Companies are probably breaking all kinds of laws when they sell things to an 11 year old without parental consent. So who needs the protection? How about dad discovering that his 16 year old has racked up $1,500 in one month on cam girls? One answer to many problems is a strong, national ID card. A simple computer check could contact the card holder anywhere at any time in such a way a wayward child would be detected right away.
I thought iOS isolated apps from one another, not letting apps "set flags" in other apps. It's not like Android, which has more general forms of inter-application communication like the ContentProvider.
I suspect states will have to form their own regulations because the federal government is fucked up by infighting and extremists.
Some may feel letting states deal with it is a good thing, but it would also mean that app makers have to consider the rules of many different states.
Table-ized A.I.
It would make to so much easier for so many people if you could allow them to make purchases by simply looking at the buy button. It's one step past one-click!
What about debiting the listeners credit card $1.99 for the full music track if they don't click stop within 30 seconds of a preview?
It would benefit so many consumers.
No comment.
My phone shows that I have used ~1.95GB of cellular data since July 7th. You can be sure that I am not going to be paying anywhere near $1,950 for this month's phone bill. If you are paying $1 per MB, you have been conned.
But why not enable 2 factor authetication? If you purchase a amount above 5 dollars in x amount of minutes, a email is sent requesting your approval with a link. I'm really hoping your children don't have access to your email and it still allows people choices.
I am not screaming for the government to regulate our lives. However I do ask the government to regulate the corporations that are using their money and influence to rape and pillage this country.
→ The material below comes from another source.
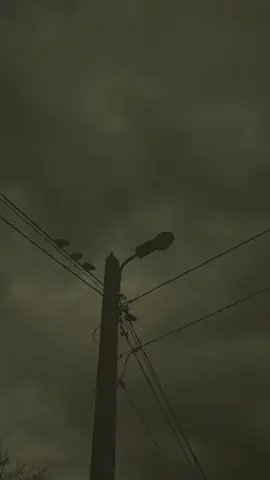 #CapCut #اكسبلورexplore #onthisday #hairstyle #fyp 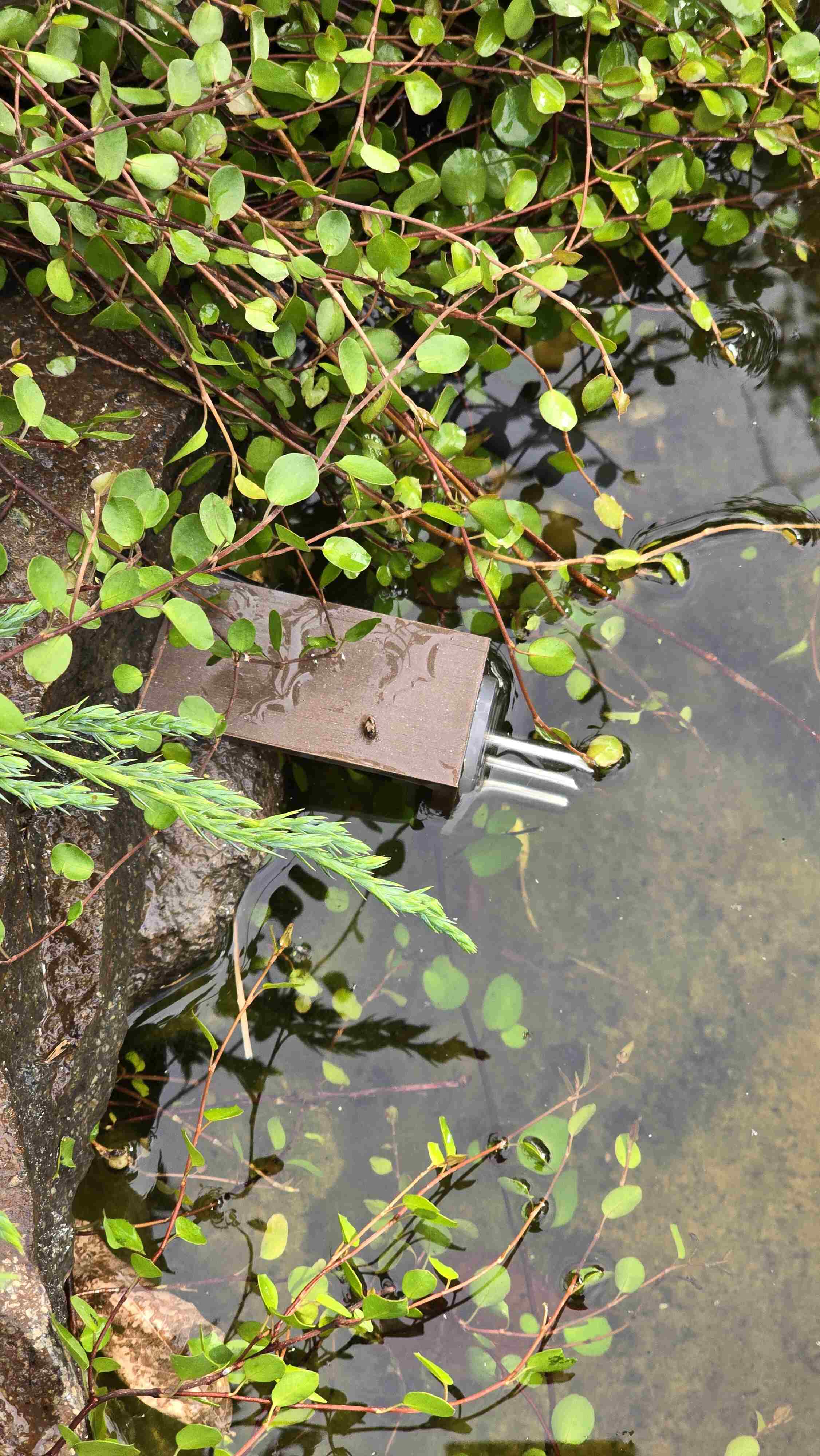 Senzor hladiny v okrasnom jazierku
These mega corporations are taking more and more from the people and giving back less and less. They are becoming a leech on society that we need to limit before they suck us dry.
Egg is on my face. I meant 1 cent, not 1 dollar.
Read here, the section Share Data Among Apps.
FTC et all don't hate in-app-purchases. They hate getting hassled by parents that are upset because their kids purchase without their knowledge and get stuck paying. FTC is only concerned because they are considering it 'not fair' to the parents. My suggestion is to have a 'parental override password' to do ANY purchases, or don't put in-app-purchases in apps oriented to kids or gaming that under 17 (or 21, or 35, pick your poison) might be interested in. The easy choice is to say 'no in-app-purchases allowed'. The right answer is to have kids respect their parents and do what they are requested and not do in-app-purchases without permission. Our culture has moved to the point that isn't going to happen. Come up with a reasonable solution, get the industry AND FTC to listen, you can be a multi-billion-dollar-hero!
... "When you pry the source from my cold dead hands."